8. One summary table with variable identity, VIP, p value etc. can be added to summarize the results described in section 3.2. Several markers were determined, and according to authors, their contents were “significantly” higher or lower in certain ginseng groups. What data was used for this comparison, the concentration of compounds, or their ion intensity? Some representative charts showing the differential levels of certain compounds in different ginseng groups can be added.

Response: Firstly, one summary table (Table 3) with variable identity, VIP, p value etc. has been added to summarize the results described in section 3.2. Secondly, It was the ion intensity used for the comparison. Thirdly, the heatmaps was used to show the differential levels of certain compounds in different ginseng groups. And the description about the heatmaps has also been added in the text.

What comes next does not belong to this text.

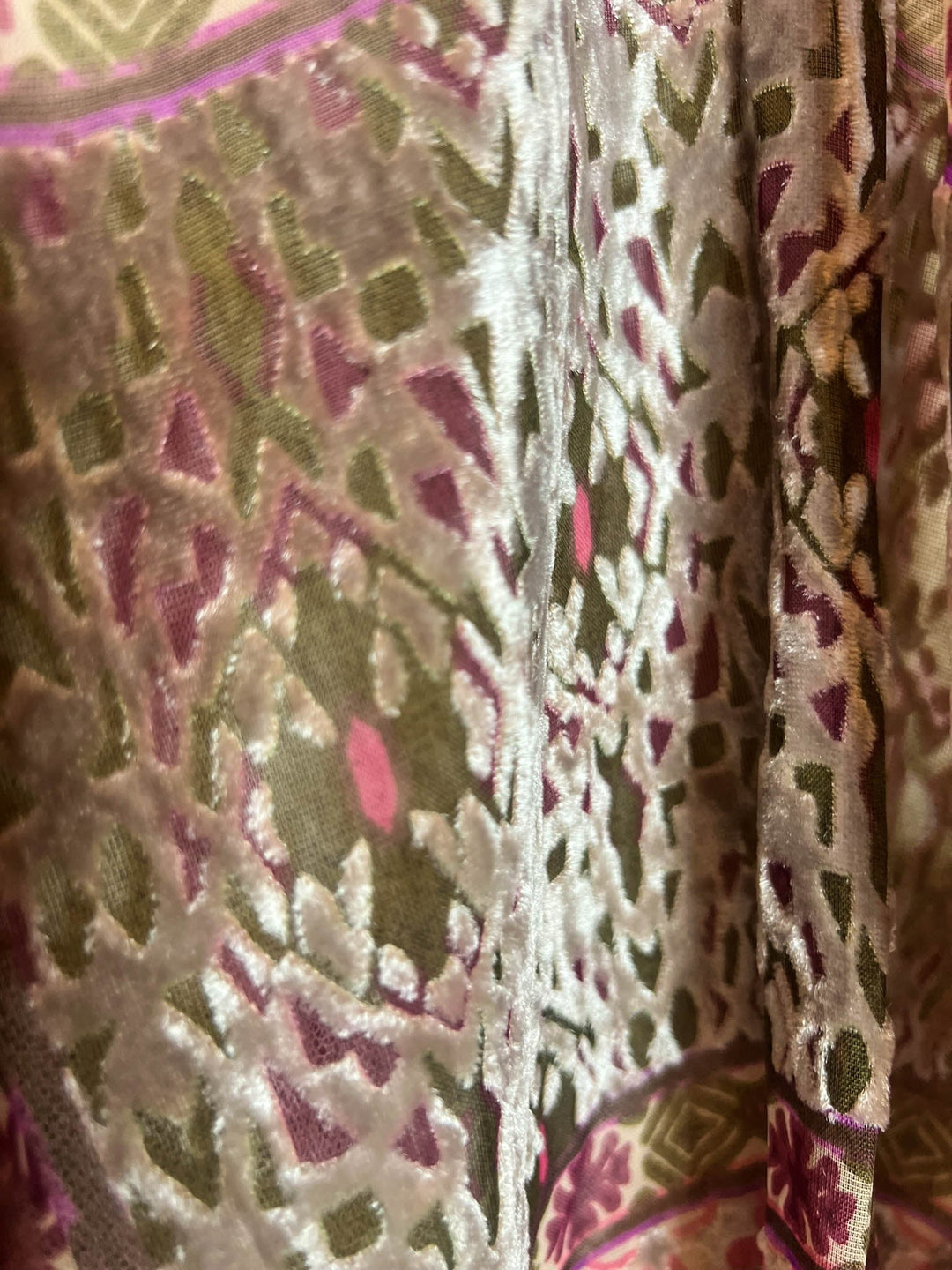 SWEET NOSTALGIA VELVET PINK PURPLE AND MULTI-COLOR KIMONO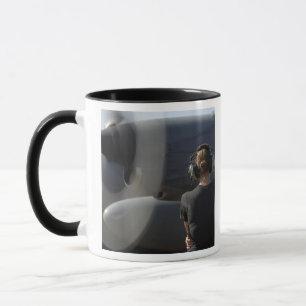 Mug Un soldat surveille la performance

9. Fig. 10. Resolution need to be improved. The figure was not described or discussed at all in the manuscript.

Response: This figure is indeed bad-organized. So, Green-Black-Red scheme is re-selected as the color scheme. As a result, the with this gradient style, the larger values and the smaller values were represented significantly. The figure has been changed in the text. And the description of the figure has been added in the text as follows:

The hierarchical clustering heatmaps, intuitively visualizing the differential levels of potential biomarkers concentration in different ginseng groups, were shown in the figure. The larger contents were represented by red squares and smaller values by green squares. 

Author Response File: Author Response.pdf

Round  2

Reviewer 2 Report

Dear the Editor,

These authors answered questions properly. Thus, Reviewer now considers that this revised manuscript may be acceptable for publication.

Reviewer 3 Report

In the revised manuscript, the authors have properly addressed all the previous concerns. Fig. 2 and Fig. 7 seem to be oddly organized in the manuscript file, maybe due to some software compatibility issue? Except for that the manuscript is acceptable for publication.